Task to carry out:
Every line of the material is to be quoted verbatim, minus the pictures.

*** Records shown ***

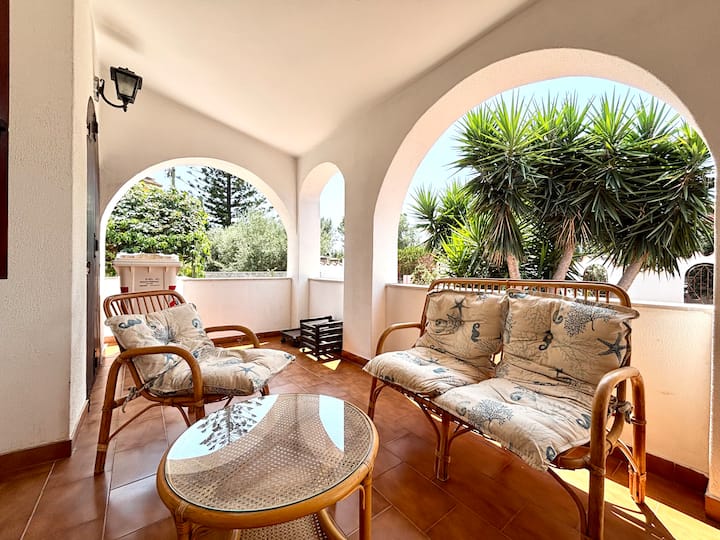 Villa Le Rose - Sant'andrea, Sardegna - Quartu Sant'Elena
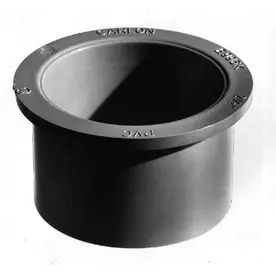 Electrical PVC Box Adapter, 1-1/2-In.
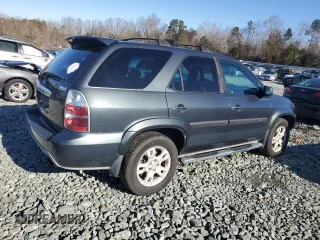 2005 Acura MDX Touring with VIN 2HNYD18935H536860, listed as a Copart auction lot 87391014 with 323,777 mi miles and Clean Title. Bid and sale history available at carsss.com. Image 3.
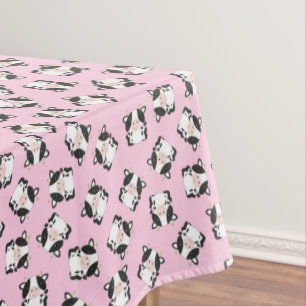 Cow Farm Birthday Party Tablecloth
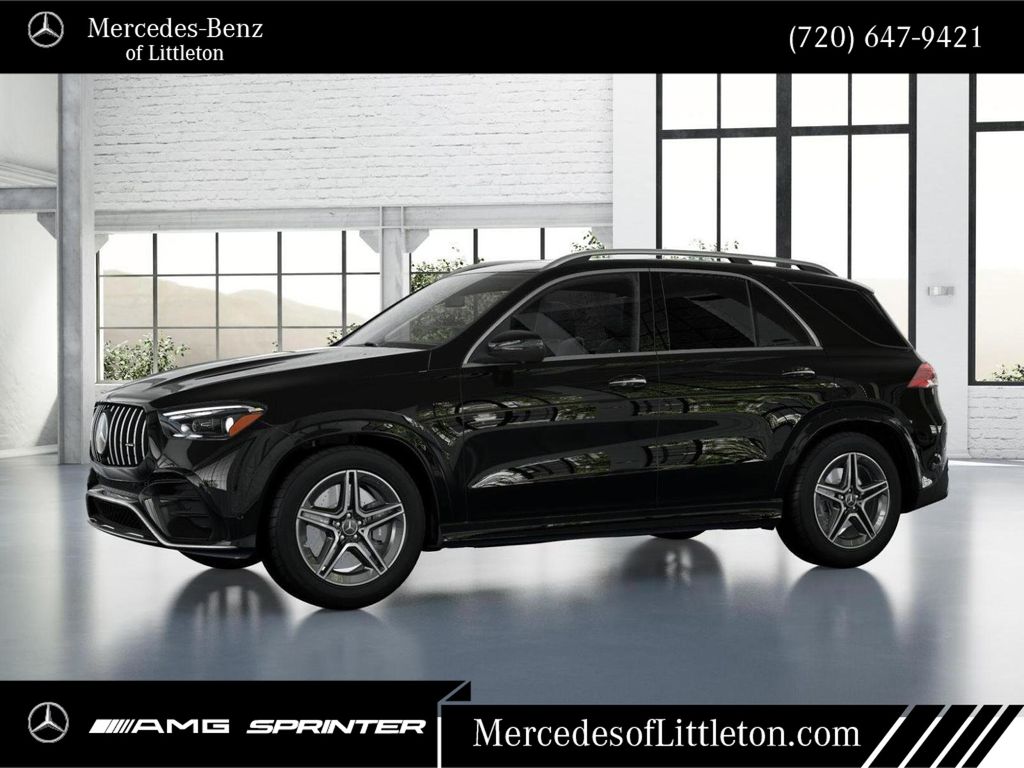2026 Mercedes Benz GLE 53 AMG photo 33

*** End of Records shown ***

Exercise response:
 Villa Le Rose - Sant'andrea, Sardegna - Quartu Sant'Elena
 Electrical PVC Box Adapter, 1-1/2-In.
 2005 Acura MDX Touring with VIN 2HNYD18935H536860, listed as a Copart auction lot 87391014 with 323,777 mi miles and Clean Title. Bid and sale history available at carsss.com. Image 3.
 Cow Farm Birthday Party Tablecloth
2026 Mercedes Benz GLE 53 AMG photo 33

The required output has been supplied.